Given the problem, first, we denote the sample size, observed proportion of blue candies, claimed proportion of blue candies, and significance level as:
- n = 100
- p_observed = 0.21
- p_claimed = 0.28
- significance_level = 0.05
Our first step in the hypothesis testing process is to calculate the standard error. We do this using the formula:
standard_error = sqrt((p_claimed*(1 - p_claimed))/n)
which gives us a standard error of approximately 0.0449. The standard error measures the variability or dispersion of our sample proportion from the claimed proportion.
Next, we will calculate the z-score, which measures the number of standard deviations an observation (or in this case, the sample proportion) is away from the mean, or the claimed proportion. We do this using the formula:
z = (p_observed - p_claimed)/standard_error
which gives us a z-score of approximately -1.559. The negative sign indicates that the observed proportion is less than the hypothesized proportion.
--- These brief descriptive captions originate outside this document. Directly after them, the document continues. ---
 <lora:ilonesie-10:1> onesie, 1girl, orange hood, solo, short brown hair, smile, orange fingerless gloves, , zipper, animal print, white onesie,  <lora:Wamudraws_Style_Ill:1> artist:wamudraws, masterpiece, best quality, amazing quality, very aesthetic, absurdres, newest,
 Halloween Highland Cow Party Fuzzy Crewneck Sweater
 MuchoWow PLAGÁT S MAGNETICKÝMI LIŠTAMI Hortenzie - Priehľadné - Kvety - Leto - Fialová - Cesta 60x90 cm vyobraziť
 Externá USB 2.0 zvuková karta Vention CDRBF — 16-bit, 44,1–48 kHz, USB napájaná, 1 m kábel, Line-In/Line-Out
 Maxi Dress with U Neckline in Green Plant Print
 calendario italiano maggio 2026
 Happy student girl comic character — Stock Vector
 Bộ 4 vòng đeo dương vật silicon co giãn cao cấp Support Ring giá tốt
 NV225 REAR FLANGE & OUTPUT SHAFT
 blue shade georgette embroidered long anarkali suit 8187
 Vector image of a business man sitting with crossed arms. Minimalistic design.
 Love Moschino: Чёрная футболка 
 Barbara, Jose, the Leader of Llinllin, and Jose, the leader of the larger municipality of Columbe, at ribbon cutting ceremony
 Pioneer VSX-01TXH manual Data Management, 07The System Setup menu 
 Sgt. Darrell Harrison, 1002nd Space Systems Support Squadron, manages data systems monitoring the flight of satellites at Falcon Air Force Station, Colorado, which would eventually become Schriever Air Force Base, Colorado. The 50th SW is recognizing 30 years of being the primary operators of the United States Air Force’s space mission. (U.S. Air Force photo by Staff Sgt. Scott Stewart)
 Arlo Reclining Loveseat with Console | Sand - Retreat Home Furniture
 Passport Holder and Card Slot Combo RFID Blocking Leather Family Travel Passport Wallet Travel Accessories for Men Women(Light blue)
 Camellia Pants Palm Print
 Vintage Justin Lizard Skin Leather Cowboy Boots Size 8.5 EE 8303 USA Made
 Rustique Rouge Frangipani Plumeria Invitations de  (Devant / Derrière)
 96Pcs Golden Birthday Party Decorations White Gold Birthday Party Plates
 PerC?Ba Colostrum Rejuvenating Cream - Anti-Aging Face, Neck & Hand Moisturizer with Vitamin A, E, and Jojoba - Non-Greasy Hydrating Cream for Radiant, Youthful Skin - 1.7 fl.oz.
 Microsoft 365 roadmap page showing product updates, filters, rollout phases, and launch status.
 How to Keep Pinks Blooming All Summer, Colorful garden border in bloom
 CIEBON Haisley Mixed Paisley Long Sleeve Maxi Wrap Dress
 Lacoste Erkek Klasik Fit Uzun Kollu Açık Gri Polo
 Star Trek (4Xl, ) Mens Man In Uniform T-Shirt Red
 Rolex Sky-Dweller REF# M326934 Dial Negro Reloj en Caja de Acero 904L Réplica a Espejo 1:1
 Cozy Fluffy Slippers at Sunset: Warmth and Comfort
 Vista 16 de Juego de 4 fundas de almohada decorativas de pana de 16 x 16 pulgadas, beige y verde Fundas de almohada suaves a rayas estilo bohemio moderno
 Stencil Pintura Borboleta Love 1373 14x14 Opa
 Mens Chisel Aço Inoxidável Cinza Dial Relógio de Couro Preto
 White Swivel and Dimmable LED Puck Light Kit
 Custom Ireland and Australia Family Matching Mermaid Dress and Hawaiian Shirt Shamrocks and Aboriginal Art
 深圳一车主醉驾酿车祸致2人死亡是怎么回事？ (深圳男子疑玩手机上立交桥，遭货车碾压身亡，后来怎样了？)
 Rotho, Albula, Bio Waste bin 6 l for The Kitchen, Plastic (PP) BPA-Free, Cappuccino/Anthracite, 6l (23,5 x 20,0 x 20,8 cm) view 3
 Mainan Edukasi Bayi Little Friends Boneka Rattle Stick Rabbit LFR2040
Then, we need to calculate the p-value. The p-value is the probability of getting a sample as extreme, or more extreme, than the one we have, assuming the null hypothesis is true. In other words, it is the likelihood of observing our sample data if the candy company's claim of 28% blue candies is accurate.
As the observed proportion is less than the hypothesized proportion, we calculate the cumulative probability up to the z-score. Doing this gives us a p-value of approximately 0.0595.
Finally, we need to determine whether to accept or reject the null hypothesis based on the p-value and the significance level.
Here, we can see our p-value is slightly larger than the given significance level (0.0595 > 0.05), thus, we do not reject the null hypothesis. This means there is not enough evidence at the 5% significance level to reject the candy company's claim that 28% of their candies are blue.
In conclusion, given our sample and the given significance level, our analysis does not provide sufficient evidence to say with 95% confidence that the company's claim is false. Our data does not contradict the company's claimed proportion of 28%.